Someone hasn't dabbled with tree traversal has to grok a lot of information in the heat of an interview.
> Also, the utility of BFS and DFS in frontend seems hard to ignore, the majority of the data structures are trees (html, xml and json) and these are the two ways to traverse them.
I'm not 100% sure about frontend, but I haven't heard of anyone writing tree traversal algorithms for a DOM tree. That's all handled by either browser APIs (document.querySelectorAll?) or lower level libraries (ReactDOM?).

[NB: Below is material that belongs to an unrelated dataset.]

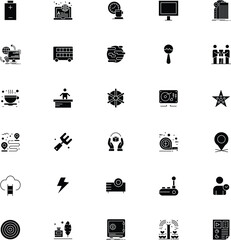 Collection of various black silhouette icons representing diverse concepts design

> What about "process these things in this order" is uncommon? If anything, the constraints are far simpler and easier to understand than most of the business logic I implement.
That's exactly the point. Think about it... there are literally dozens of ways to implement a BFS. The currently accepted standard way of writing a BFS is the most concise and efficient.
A minuscule amount of your business logic is as concise/efficient. Most of the time your business logic will balance finding the best solution with meeting milestones (milestones usually win).
So let's say someone doesn't have any experience traversing trees (why would they? you rarely have to, if ever). Let's also say that they haven't memorized what BFS is and what the constraints are. You're presenting them with a new problem and expecting them to come up with the most efficient/concise solution to that problem. The only people who get rewarded here are people that simply memorized the solution or the solution space. In effect you've validated nothing.